La magmatica, avvolgente pastosità baritonale di Eddie Shaw, storico sassofonista e bandleader del Lupo Ululante di Chicago dilata, come in un’immaginaria caduta nella melassa dello spazio-tempo, il perimetro dell’iniziale The Wolf Will Howl Again, duettando col granuloso e sorprendentemente soulful strumento vocale di Derrick Procell.
Tutto fuorché artista esordiente o, meno che mai, musicista della domenica, in questo suo debutto nel genere Procell ci spiega, con chiara eloquenza, ‘perché ha scelto di cantare il blues’: “...since it hit me, it’s been with me/it’s something you can’t lose/it can’t escape me this thing that shape me/it’s why I choose to sing the blues…). E, per farlo, si aggrega al luminoso talento d’autore del già Grammy Award Winner Terry Abrahamson e licenzia un dischetto che costituisce la più piacevole tra le sorprese concesse agli occupanti di questa terra sul finire del 2016.
Due sono, quindi, i protagonisti di questo disco: quello ufficiale, raffigurato sulla copertina, Procell, e quello che, pur con tutto il suo volume di importanza, resta tra le quinte, Abrahamson. Il primo, nel suo personale percorso musicale e pur conservando sempre vivo il primigenio amore per il blues, ha intrapreso strade che, spesso, lo hanno costretto a deviare verso generi adiacenti come rock, country, roots e, da ultimo, a interpretare colonne sonore di jingles o famosi serial TV come Criminal Minds. Il secondo, come detto, è ben noto, immaginifico e stagionato autore di talento le cui canzoni sono state interpretate dai più nobili esponenti del genere; ricordiamo, una su tutte, la sua Bus Driver, presente in Hard Again, anno 1978, disco della definitiva resurrezione di Muddy Waters. Oggi, la grande esperienza di Abrahamson e il talento sfaccettato di Procell si sono felicemente incontrati a un ben preciso crocicchio, dando vita a quello che è, di quest’ultimo, il primo disco interamente blues.

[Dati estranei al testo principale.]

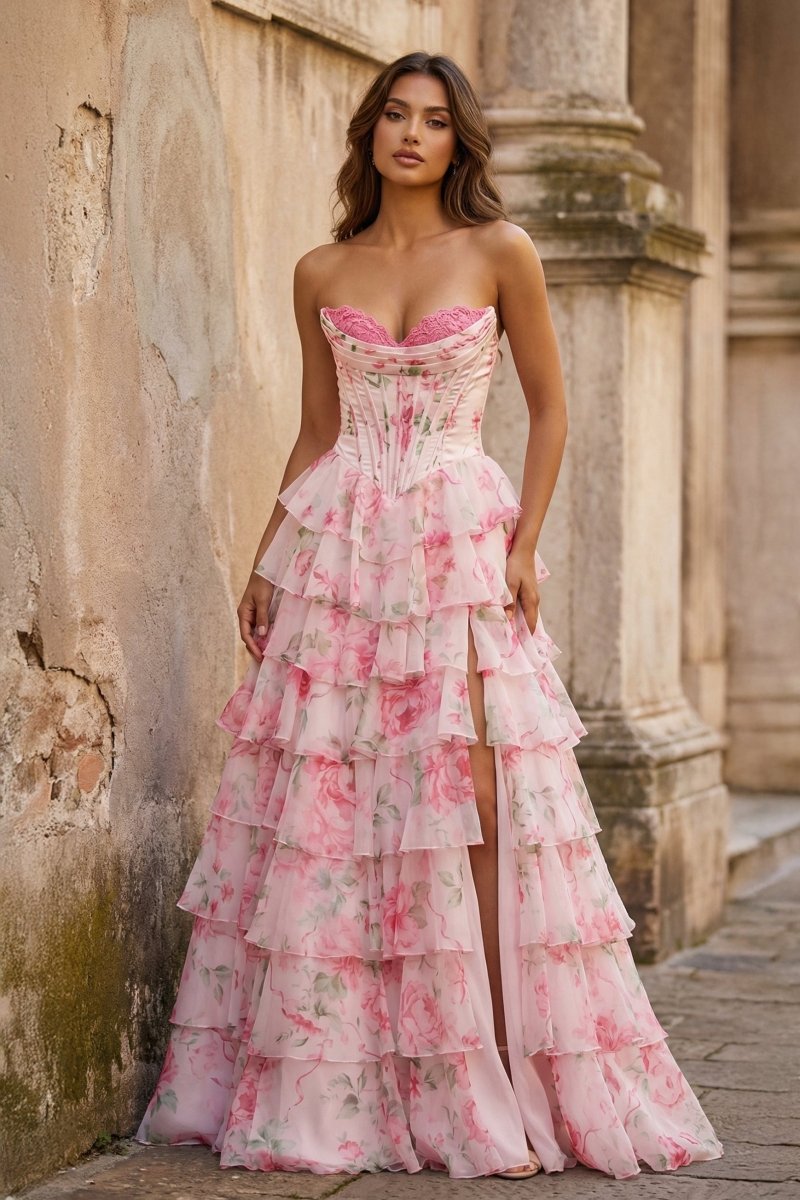 A Line Floral Blush Tiered Chiffon Long Corset Prom Dress with Slit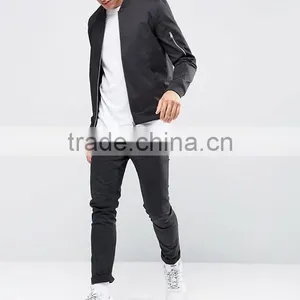 Wholesale Best Price High Quality New Design Durable Ribbed Collar Cotton Spandex Black Casual Men Bomber Wind Jacket thumbnail-4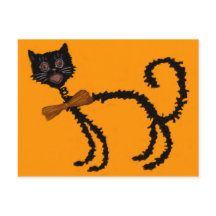Federndes schwarzes Katzen-Halloween-Dekoration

Qui, in realtà, le forme stilistiche vengono spesso costrette ben oltre il banale confine delle dodici battute. In Trouble Me No More, per esempio, ci si sposta qualche miglio più a sud, proprio là, dove Gregg Allman e la sua band esercitavano, con indiscussa autorità, il loro sommo magistero. Spingendosi ancora oltre, nella medesima direzione, si arriva alla successiva The Eyes Of Mississippi con l’evocativa, paludosa slide di Bob Margolin a sottolineare i più reconditi misteri di due occhi vigili da country boy, risaliti oltre la Mason Dixon Line, che “...there ain’t nothing they don’t tell...”. Come richiamato dalla fune elastica in un bungee jumping, con le successive, Why I Choose To Sing The Blues e Broke The Mold si torna rapidi verso le terre battute dagli Allman e, tra l’arguto shuffle di They All Find Out e la cinica Sorry?, si arriva dritti a Who Will Tell Lucille, commovente omaggio alla chitarra di B.B. King, qui umanizzata, come già fu nel nome di battesimo attribuitole, e assurta al ruolo di regina inconsolabile dopo la morte del suo Re. Qui, anche la chitarra di Alex Smith, di King mantiene, come in un estremo, ultimo omaggio, il chiaro feel. L’armonica di Billy Branch illumina Back In The Game, uno dei tre brani scritti da Procell così come il conclusivo Too Much ripescato, nella macchina del tempo, direttamente dal suo repretorio anni ‘90. Ma prima del finale, ancora una sopresa ci viene offerta dal duo Abrahamson-Procell: Don’t Wast A Wish On Me dove un testo sardonico, che invita a non giocarsi desideri sull’uomo sbagliato, si abbina sagacemente a un piano che ben ricorda un Randy Newman nel suo aggirarsi guardingo dalle parti di New Orleans.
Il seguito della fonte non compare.